[Opening DATASET RECORDS section]

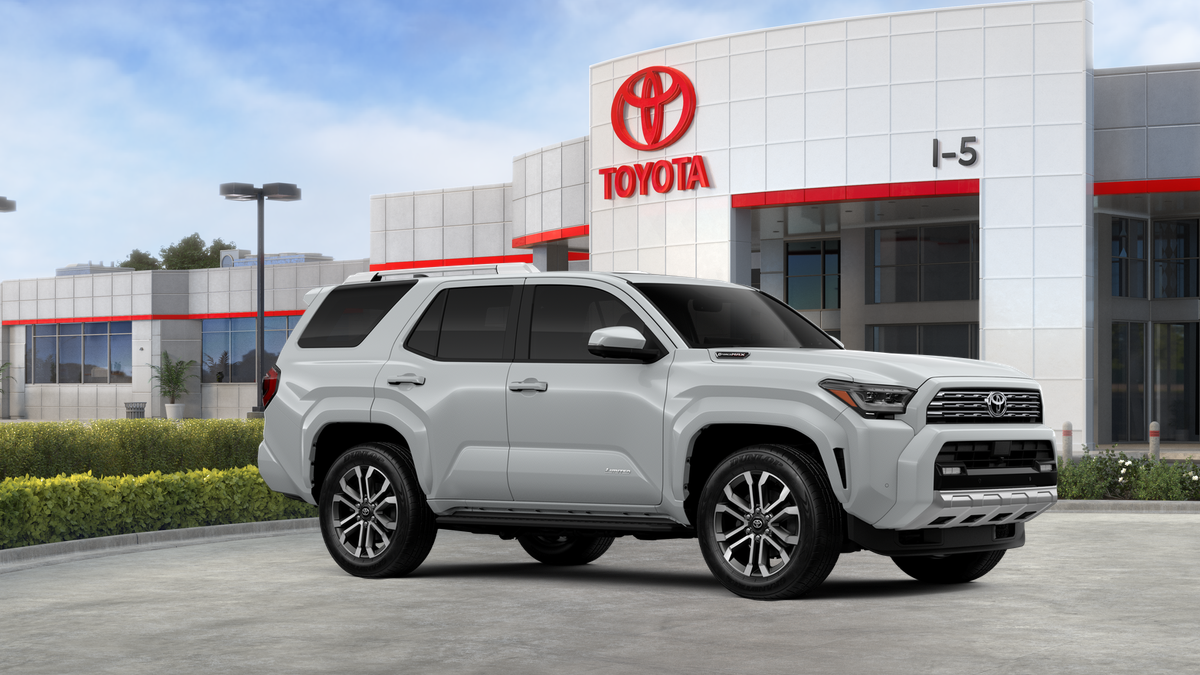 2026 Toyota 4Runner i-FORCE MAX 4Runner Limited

[Closing DATASET RECORDS section]
[Opening DATASET RECORDS section]

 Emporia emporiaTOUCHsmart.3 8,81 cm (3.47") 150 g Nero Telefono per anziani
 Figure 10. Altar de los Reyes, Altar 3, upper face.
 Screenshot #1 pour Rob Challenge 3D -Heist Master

[Closing DATASET RECORDS section]
[Opening DATASET RECORDS section]

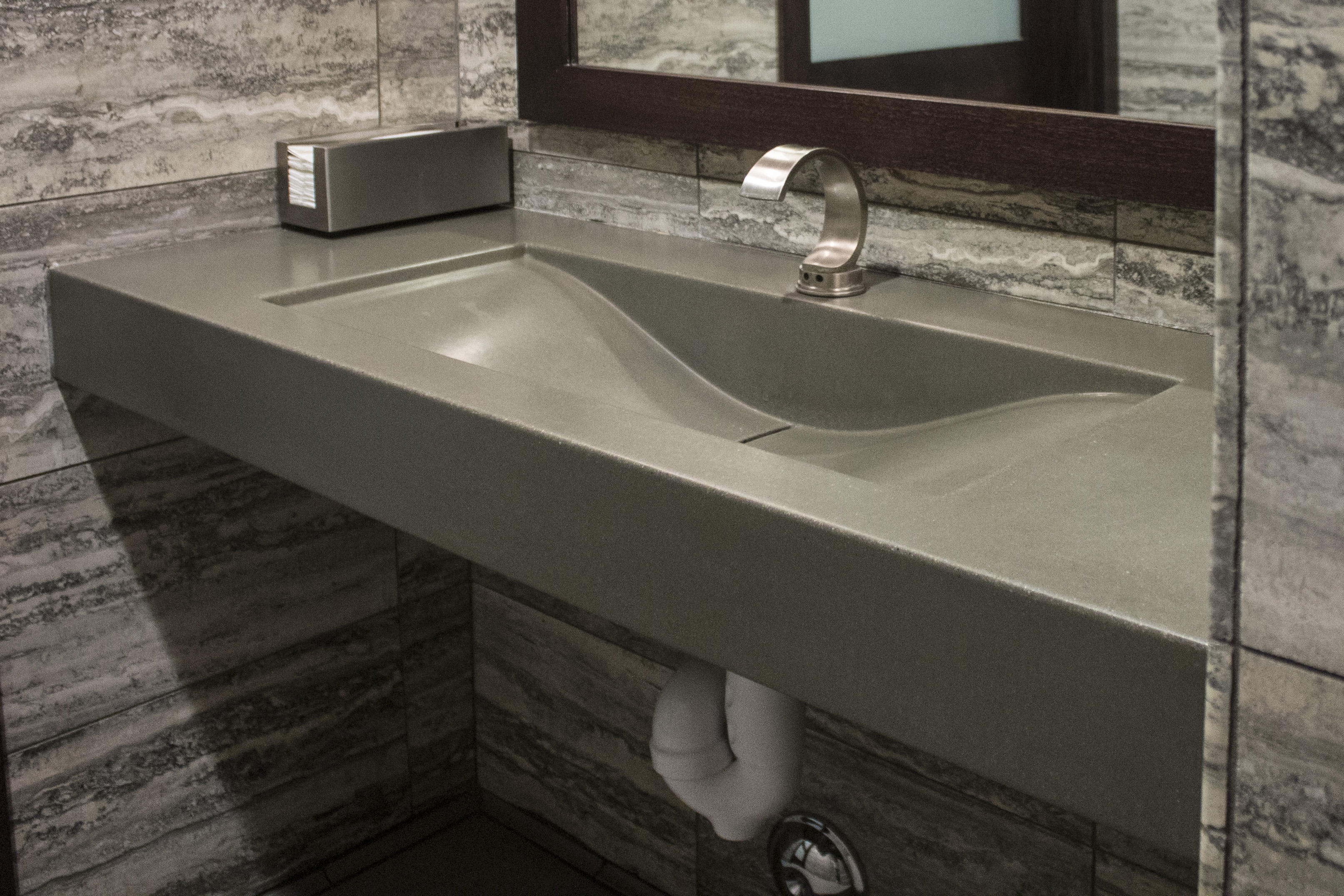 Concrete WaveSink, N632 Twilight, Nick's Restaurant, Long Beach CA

[Closing DATASET RECORDS section]

Among the records above, extract exactly the lines from the line with "Figure 10. Altar" to the line with "Screenshot #1 pour", both lines included, and leave out the rest.

### WRITTEN RESPONSE
 Figure 10. Altar de los Reyes, Altar 3, upper face.
 Screenshot #1 pour Rob Challenge 3D -Heist Master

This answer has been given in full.